The last decade has seen museums and galleries embracing more experiential art, giving viewers the chance to touch, taste, hear, and smell art works, not just see them. Experiential art offers so much more than traditional art works, connecting with all your senses, increasing the impact of the message.
Either temporary or permanent, experiential art installations include a broader use of materials, sometimes even encompassing the environment they are displayed it. Video, sound, light, virtual reality, and other technological mediums can combine with traditional art forms, creating thought evoking pieces that often deal with nature and the human experience. Spectators are enveloped in their surroundings, making everyone a subject of the art piece. Dialogues are started, and experiences are shared., creating a conversation between the art and the audience. The whole concept makes art less isolated and has broadened the definition of what qualifies as artwork.
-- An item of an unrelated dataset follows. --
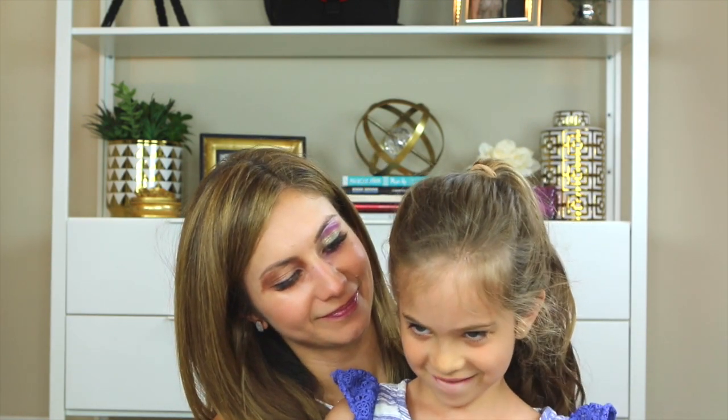Looks lovely! Good job, girls! What do you think, Kate? You like it? Should we go show Daddy? Yeah! Let's go show Daddy. Okay, Kate, now here's where you say: as always, thank you guys so much for watching, and have a great day! Thank you! Bye! Bye! Bye!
Installations differ from the traditional art form in one very significant way. It is incredibly difficult to sell. In fact, more often than not, these installations are broken down and either returned to the artist or disposed of. While some pieces can be broken up and sold individually, it is more common that the pieces all function together and breaking it apart would mar the message and value. In pushing against the commodification of art, experiential art has met some criticism from the more traditional art world.
But the growth in experiential installations has proved that audiences show a deep appreciation for the art form and find meaning in the connectivity it provides. It has shown that museums and galleries need to continue pushing the boundaries and modernising art forms in order to keep and grow its audiences.